====== THE INPUT ======

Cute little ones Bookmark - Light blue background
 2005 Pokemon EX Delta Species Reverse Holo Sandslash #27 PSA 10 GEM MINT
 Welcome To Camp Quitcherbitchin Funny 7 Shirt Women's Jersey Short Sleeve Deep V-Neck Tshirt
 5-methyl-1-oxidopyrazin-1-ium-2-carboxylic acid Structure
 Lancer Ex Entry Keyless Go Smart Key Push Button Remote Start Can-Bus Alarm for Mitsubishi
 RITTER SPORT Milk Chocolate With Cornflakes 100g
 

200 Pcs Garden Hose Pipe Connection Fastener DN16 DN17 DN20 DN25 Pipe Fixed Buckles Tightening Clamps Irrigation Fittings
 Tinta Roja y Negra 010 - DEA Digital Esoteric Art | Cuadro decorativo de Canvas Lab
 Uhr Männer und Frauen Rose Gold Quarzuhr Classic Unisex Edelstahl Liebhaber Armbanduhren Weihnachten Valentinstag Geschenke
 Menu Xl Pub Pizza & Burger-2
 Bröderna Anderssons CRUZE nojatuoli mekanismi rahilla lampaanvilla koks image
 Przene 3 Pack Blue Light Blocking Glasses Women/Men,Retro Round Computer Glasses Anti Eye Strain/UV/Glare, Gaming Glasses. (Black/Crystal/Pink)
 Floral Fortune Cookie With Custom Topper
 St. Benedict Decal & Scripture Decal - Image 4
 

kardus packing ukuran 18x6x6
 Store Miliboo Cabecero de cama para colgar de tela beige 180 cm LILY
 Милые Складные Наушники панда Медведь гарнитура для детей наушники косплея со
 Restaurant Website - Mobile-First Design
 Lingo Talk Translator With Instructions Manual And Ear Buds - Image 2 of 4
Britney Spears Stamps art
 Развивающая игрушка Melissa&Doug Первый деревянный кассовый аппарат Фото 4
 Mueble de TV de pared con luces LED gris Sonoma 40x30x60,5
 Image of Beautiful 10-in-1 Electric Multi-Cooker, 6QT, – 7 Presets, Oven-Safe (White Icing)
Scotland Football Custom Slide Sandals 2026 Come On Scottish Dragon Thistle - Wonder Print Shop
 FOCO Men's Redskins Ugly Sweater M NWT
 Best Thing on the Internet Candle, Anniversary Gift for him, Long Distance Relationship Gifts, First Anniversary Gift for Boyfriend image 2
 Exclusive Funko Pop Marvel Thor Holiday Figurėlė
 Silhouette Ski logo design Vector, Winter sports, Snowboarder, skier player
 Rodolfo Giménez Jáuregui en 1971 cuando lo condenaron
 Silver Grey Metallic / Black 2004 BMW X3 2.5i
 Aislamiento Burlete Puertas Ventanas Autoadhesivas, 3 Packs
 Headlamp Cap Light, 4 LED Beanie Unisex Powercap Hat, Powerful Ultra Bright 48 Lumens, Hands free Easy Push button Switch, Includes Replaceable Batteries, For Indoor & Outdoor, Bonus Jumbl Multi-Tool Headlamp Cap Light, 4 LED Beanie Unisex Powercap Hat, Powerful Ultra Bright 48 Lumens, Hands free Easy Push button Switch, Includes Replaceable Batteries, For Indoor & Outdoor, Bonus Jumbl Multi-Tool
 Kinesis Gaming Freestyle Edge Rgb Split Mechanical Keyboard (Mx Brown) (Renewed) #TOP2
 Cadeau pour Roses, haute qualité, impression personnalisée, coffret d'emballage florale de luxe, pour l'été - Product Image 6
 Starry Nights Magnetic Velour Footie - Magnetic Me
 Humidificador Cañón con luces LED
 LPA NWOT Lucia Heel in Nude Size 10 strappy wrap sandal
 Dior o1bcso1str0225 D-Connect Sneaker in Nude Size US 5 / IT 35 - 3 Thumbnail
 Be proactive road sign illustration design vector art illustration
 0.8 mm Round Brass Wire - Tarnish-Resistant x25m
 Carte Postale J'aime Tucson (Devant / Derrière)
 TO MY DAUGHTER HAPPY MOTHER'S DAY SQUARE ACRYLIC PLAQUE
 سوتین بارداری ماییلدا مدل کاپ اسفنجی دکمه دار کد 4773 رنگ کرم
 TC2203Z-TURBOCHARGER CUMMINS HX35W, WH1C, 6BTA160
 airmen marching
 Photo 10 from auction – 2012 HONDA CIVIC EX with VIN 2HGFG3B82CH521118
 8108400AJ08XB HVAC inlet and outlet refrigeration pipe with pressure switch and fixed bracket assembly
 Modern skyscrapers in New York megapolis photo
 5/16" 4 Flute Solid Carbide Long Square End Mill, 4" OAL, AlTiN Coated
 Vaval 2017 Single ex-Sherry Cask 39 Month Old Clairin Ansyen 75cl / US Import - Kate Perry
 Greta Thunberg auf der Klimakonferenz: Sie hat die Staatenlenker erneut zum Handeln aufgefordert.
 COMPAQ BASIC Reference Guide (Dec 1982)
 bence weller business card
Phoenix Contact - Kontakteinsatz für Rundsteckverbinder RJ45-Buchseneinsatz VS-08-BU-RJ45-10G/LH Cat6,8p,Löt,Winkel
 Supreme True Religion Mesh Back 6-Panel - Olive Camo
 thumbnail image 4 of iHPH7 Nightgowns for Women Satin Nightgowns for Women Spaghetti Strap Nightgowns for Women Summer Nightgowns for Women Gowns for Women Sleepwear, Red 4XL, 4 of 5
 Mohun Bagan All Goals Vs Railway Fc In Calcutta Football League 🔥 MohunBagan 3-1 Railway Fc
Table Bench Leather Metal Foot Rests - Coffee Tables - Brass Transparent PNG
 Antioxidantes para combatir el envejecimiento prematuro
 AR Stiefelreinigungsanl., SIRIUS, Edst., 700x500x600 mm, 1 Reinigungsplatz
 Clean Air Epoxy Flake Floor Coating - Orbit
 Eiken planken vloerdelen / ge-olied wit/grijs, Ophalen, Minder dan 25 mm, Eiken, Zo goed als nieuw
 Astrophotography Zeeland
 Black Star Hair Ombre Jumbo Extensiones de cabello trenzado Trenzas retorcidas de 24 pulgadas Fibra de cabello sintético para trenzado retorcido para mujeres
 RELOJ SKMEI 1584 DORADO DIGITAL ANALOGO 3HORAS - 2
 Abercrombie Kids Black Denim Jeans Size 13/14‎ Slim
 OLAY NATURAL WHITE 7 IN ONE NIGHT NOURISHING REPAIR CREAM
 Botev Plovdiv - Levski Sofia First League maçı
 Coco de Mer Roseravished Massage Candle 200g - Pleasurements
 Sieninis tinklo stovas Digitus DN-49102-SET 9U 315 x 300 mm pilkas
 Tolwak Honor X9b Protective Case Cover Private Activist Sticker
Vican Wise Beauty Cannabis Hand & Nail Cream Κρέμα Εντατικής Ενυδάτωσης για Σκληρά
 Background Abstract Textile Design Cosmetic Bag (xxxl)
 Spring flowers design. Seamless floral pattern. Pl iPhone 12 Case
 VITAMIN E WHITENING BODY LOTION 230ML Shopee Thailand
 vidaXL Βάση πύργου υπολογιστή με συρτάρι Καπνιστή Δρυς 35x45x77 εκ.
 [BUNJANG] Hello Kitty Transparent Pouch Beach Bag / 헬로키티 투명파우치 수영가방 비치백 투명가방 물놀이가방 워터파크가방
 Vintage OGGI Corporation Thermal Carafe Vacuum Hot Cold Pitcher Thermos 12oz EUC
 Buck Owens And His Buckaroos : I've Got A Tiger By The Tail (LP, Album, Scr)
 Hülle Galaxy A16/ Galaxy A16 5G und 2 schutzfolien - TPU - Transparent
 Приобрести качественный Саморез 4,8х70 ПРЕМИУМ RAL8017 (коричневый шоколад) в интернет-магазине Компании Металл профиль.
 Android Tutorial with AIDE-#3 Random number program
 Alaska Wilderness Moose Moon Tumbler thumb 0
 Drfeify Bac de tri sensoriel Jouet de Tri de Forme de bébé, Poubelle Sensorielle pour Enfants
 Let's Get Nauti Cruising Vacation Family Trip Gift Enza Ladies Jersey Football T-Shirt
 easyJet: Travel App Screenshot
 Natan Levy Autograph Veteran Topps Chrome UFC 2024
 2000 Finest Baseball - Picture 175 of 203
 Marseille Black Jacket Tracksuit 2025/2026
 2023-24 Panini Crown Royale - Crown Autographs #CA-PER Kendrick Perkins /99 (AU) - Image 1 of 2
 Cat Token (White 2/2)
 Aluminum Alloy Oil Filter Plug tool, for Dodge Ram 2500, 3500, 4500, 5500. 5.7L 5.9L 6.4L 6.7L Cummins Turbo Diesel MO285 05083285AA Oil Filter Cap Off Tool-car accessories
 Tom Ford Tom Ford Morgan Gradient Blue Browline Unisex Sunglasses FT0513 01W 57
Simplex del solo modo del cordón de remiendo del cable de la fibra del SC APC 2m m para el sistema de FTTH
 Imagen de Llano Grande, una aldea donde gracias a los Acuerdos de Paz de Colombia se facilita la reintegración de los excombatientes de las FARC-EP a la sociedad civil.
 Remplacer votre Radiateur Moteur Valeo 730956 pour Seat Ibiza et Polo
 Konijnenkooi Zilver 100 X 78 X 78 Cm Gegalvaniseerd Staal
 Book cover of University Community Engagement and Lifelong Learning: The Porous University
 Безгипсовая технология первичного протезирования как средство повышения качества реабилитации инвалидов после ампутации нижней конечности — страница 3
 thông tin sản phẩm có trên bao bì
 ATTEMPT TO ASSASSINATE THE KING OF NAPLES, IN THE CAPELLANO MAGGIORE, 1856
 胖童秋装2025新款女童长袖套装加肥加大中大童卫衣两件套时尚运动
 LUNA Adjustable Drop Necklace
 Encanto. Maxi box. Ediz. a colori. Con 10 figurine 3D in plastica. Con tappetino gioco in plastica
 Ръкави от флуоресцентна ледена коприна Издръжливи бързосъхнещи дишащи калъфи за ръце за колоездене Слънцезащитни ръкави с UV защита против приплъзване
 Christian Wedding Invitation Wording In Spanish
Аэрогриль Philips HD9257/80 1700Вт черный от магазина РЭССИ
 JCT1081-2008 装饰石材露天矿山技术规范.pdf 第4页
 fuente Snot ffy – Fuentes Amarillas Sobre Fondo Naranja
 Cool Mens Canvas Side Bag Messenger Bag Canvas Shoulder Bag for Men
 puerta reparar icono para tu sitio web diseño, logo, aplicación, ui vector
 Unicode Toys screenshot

======

» YOUR TASK: Write out, from the lines above, only those from the line with "Przene 3 Pack" to the line with "Best Thing on", exactly as given, including the first and the last.

» RESPONSE TO THIS EXERCISE:
 Przene 3 Pack Blue Light Blocking Glasses Women/Men,Retro Round Computer Glasses Anti Eye Strain/UV/Glare, Gaming Glasses. (Black/Crystal/Pink)
 Floral Fortune Cookie With Custom Topper
 St. Benedict Decal & Scripture Decal - Image 4
 

kardus packing ukuran 18x6x6
 Store Miliboo Cabecero de cama para colgar de tela beige 180 cm LILY
 Милые Складные Наушники панда Медведь гарнитура для детей наушники косплея со
 Restaurant Website - Mobile-First Design
 Lingo Talk Translator With Instructions Manual And Ear Buds - Image 2 of 4
Britney Spears Stamps art
 Развивающая игрушка Melissa&Doug Первый деревянный кассовый аппарат Фото 4
 Mueble de TV de pared con luces LED gris Sonoma 40x30x60,5
 Image of Beautiful 10-in-1 Electric Multi-Cooker, 6QT, – 7 Presets, Oven-Safe (White Icing)
Scotland Football Custom Slide Sandals 2026 Come On Scottish Dragon Thistle - Wonder Print Shop
 FOCO Men's Redskins Ugly Sweater M NWT
 Best Thing on the Internet Candle, Anniversary Gift for him, Long Distance Relationship Gifts, First Anniversary Gift for Boyfriend image 2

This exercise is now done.